Nothing in Ochsner's 1997 affidavit warrants the granting of his rule 60(b) motion. In alleging that he had been "unable to
. . comply with court orders" Ochsner also states that "[o]ver time, my depression subsided, and my wife and I returned to investment banking, forming Ochsner Consulting Group. Inc. ('OCG') in about October 1995." Thus, on his own account, Ochsner waited for two years prior to the filing of his rule 60(b) motion. The filing was clearly too late. See Restatement (Second) of Judgments s. 72 comment c (1982). It was only after the plaintiff sought to reach his assets that Ochsner filed the motion.
Quite apart from the late filing, Ochsner does not meet the criteria set forth in s. 72 of the Restatement, reproduced in the margin [Note 7], which, in certain circumstances, permits the setting aside of a judgment where a party was incapacitated and the op-
posing party was on notice of that condition. No such claim can be made here.

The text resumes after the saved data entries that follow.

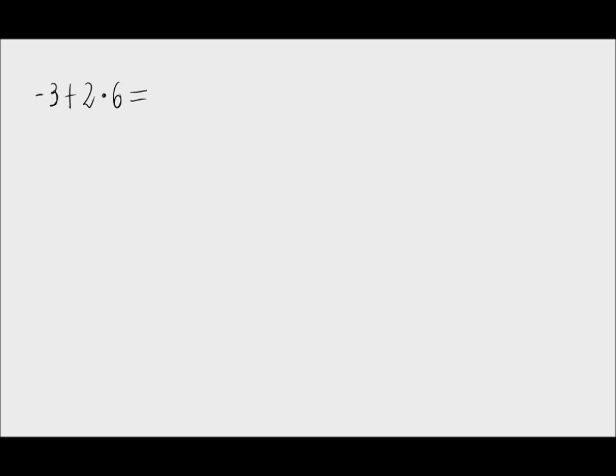Let's calculate the operation that appears on screen. We can observe that we have a negative number plus another number times another number.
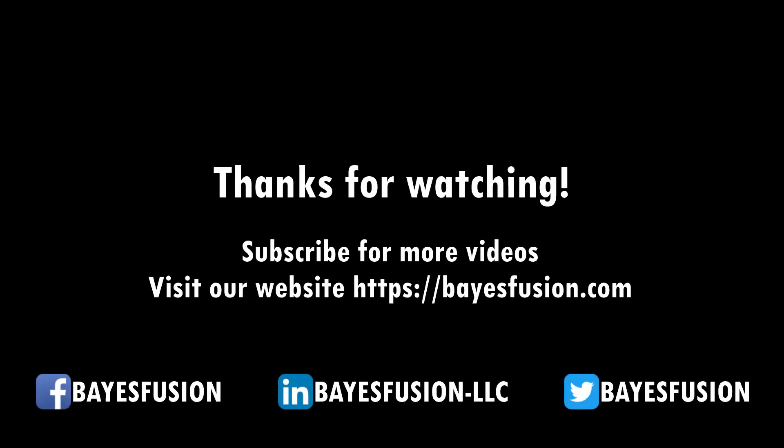This concludes our tutorial. You can find out more information online at baysfusion.com. We invite you to watch our other tutorials and subscribe to our channel.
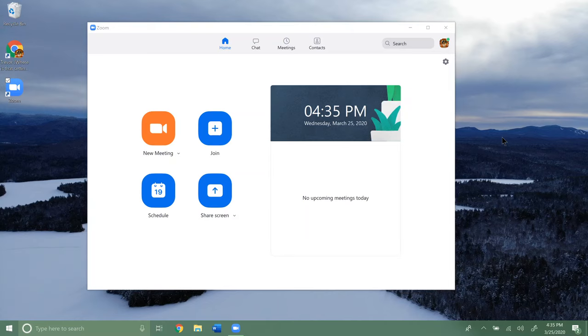Now we're going to go over some of the settings within Zoom on your computer. If for some reason your video or audio is not showing up, this may help you solve some of those problems.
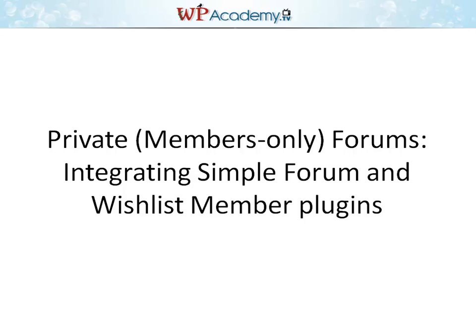Hi, Mark Beneteau from WP Academy. In this tutorial video, we're going to show you how to create a private, members-only forum by integrating Simple Forum, which is a very powerful free forum plugin for WordPress, and Wishlist Member, which is the most popular membership plugin for WordPress. Enjoy.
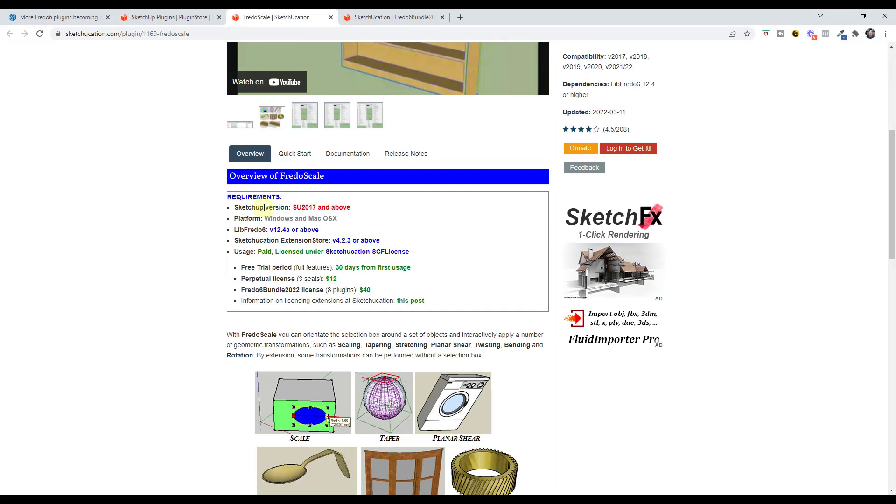You can see more information about the licenses right here, but you basically get three seats, meaning it can be active on three computers. My understanding is that you can change the seats, you just have to deactivate it on one computer and move it to another computer.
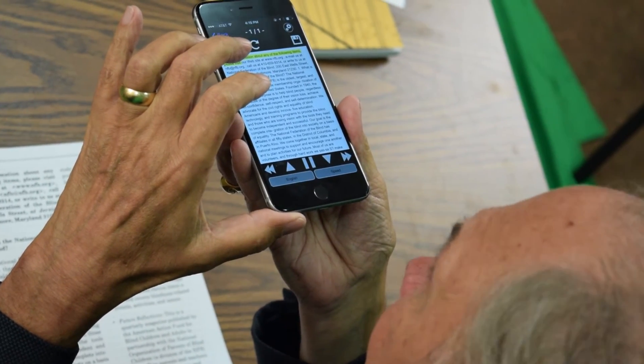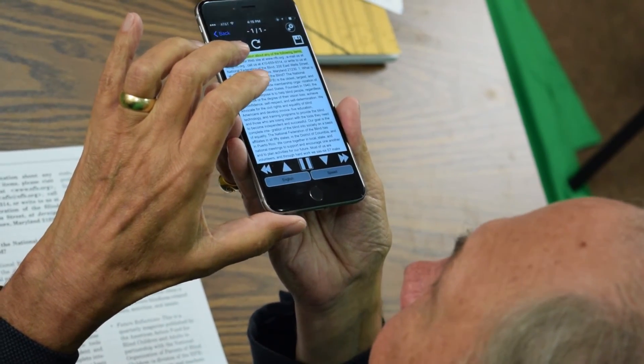The reader reads the scanned document: 'For more information about any of the following items, please visit our website at www.nfb.org, email us at nfb@nfb.org, or call us at 410-659-9314.' And then I've just paused it.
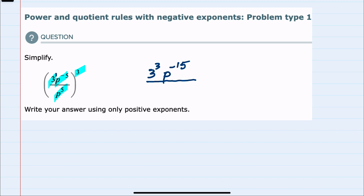I have a p to the positive 5. Again, the exponents get multiplied, so this would be p to the 5 times 3, which is p¹⁵.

4. Denial under Mass.R.Civ.P 60(b)(6). There was no abuse of discretion in the denial of the defendants' motion to vacate the default judgment pursuant to rule 60(b)(6). The motion, brought almost three years after the entry of judgment, was not brought within a reasonable time, see Bromfield v. Commonwealth, 400 Mass. 254 , 258 (1987), and presented no "extraordinary circumstances" which would warrant relief. See id. at 257.
Order denying motion to vacate judgment affirmed.
[Note 1] Royal Capital Financial Corporation.
[Note 2] Royal Capital Corporation was an original general partner with Neal Ochsner until Royal Capital Financial Corporation was substituted by the partnership as the sole general partner.
[Note 3] Unlike rule 60(b)(6), where the decision to vacate is within the judge's discretion, relief under rule 60(b)(4) is required if the judgment is void. Field v. Massachusetts Gen. Hosp., 393 Mass. 117 , 118 (1984).
[Note 4] Prior thereto, on July 24, 1997, the plaintiff obtained a judgment bifurcating the earlier judgment so that he had an individual judgment against the individual defendant.
The parties have not argued, and we do not consider, the effect of the prior pending New York action in which Ochsner claimed in his answer that the 1995 Massachusetts judgment was not entitled to full faith and credit.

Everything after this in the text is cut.